My blog aims at celebrating literature too, at sharing my enthusiasms or my disappointments. I hope it makes you want to try a new writer sometimes. Talking about favourites.

Trevor from The Mookse and the Gripes recently posted his personal Pantheon of writers, based on a simple criterion “after reading one of the books by the author, I had the strong desire to read everything that author had ever written”. I like this criterion because I feel free to leave aside geniuses who don’t speak to me or are interesting but no fun reading, even though I acknowledge their literary worth. So, here is my Pantheon:

  1. Romain Gary. Do I need to say something?
  2. Jane Austen. Under polite and civilized phrases lays a sharp analysis of the society of her time.
  3. Philippe Djian. American in style and French in the characters.
  4. Molière. Laugh was his weapon. Massive destruction of egos in his wake.
  5. Philip Roth. From a character’s daily trivialities to the analysis of our world.
  6. Raymond Chandler. Crime fiction breaking into literary fiction.
  7. Thomas Hardy. Irony and poetry in rural England.
  8. William Somerset Maugham. Leaning on a character’s story to explore the core of mankind.
  9. Emile Zola. Isn’t he almost historical fiction?
  10. Dezső Kosztolányi. Humanity, poetry and description of society all wrapped in one.
  11. Philippe Besson. For his incredible ability to share passion and its forceful wave.
  12. Jim Harrison. For the American dream and his flawed characters.
  13. David Lodge. For his British sense of humour.
  14. Rainer Maria Rilke. Beautiful, soothing and painfully human.
  15. Anne Perry. Excellent series of historical crime fiction in London. She manages to renew herself.
  16. Edith Wharton. Acute perception of the human heart, feminism and both in France and America.
  17. Max Barry. When I read Company, I laughed so hard I decided I wanted to read all of his books.
  18. Antal Szerb Impossible to describe in a few words.
  19. Elizabeth George. Inspector Linley and Barbara Havers are sort of relatives by now.
  20. Steven Saylor. No one resuscitates Rome during the Roman Republic like he does.

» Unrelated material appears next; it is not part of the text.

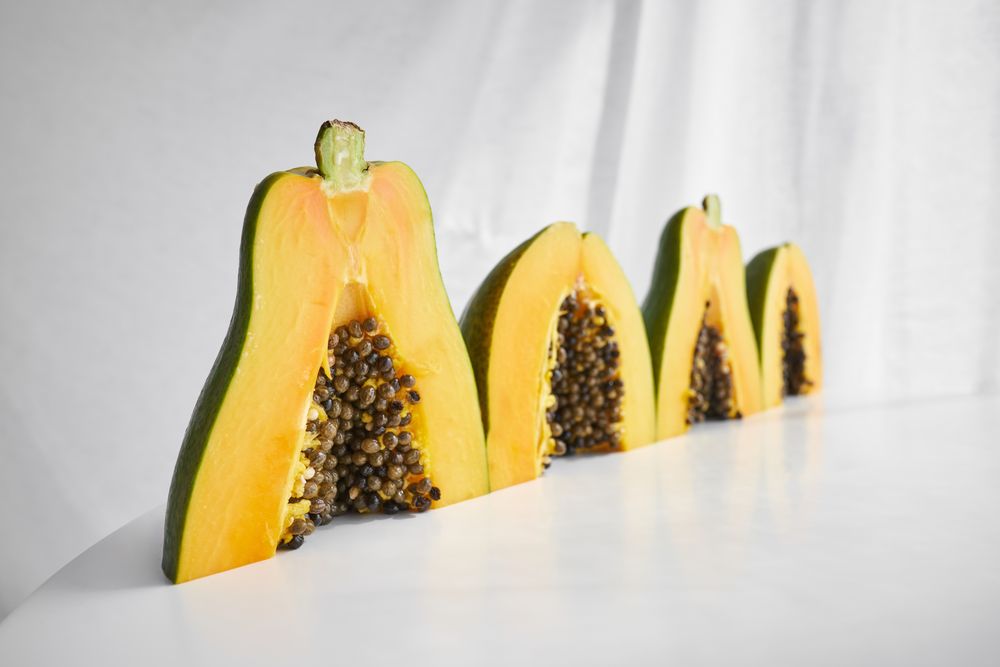 Ripe cut papaya pieces placed on table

Please welcome this billet as a heartfelt thank you for reading, following, commenting, putting up with my typos and misuse of the English language and take it as an opportunity to share your Pantheon in the comments. I’d love to discover the writers who thrill you.

The School for Wives by Molière.

April 26, 2013 13 comments

L’école des femmes by Molière. 1662. The School for Wives.

L_ecole_des_femmes_001_image_article_detailleI’ve seen a brilliant production of The School for Wives by Molière, directed by Jean Liermier and I can’t wait to share this with you. It’s a play I’d never read and the French title misled me. When I heard L’école des femmes, I thought The School for Women as in French we only have one word for woman and wife. I assumed it was something about educated women like in The Learned Ladies. Not at all.

The main character of this play is Arnolphe. He’s a middle aged bourgeois, a rich merchant. He recently changed his name into de la Souche, to give it a noble resonance. Arnolphe is a bachelor and his greatest fear in life is to be married to an unfaithful wife. He abundantly made fun of husbands among his acquaintances when they were unfortunate cuckolds.

Arnolphe is now ready to settle down and his friend Chrysalde warns him against the risk of ridicule if his wife eventually deceive him. Arnolphe then exposes his plan: he took the young Agnes away from her peasant family, had her raised in a convent and now keeps her in a separate house until he marries her. He made sure that she’s as stupid as possible as he doesn’t care for an intelligent wife. Quite the contrary. His assumption is that a silly wife will be less tempted to flirt and betray him. So Agnes is naïve, so ignorant that she recently asked whether babies are born in a woman’s ear. Arnolphe is more than delighted by her stupidity.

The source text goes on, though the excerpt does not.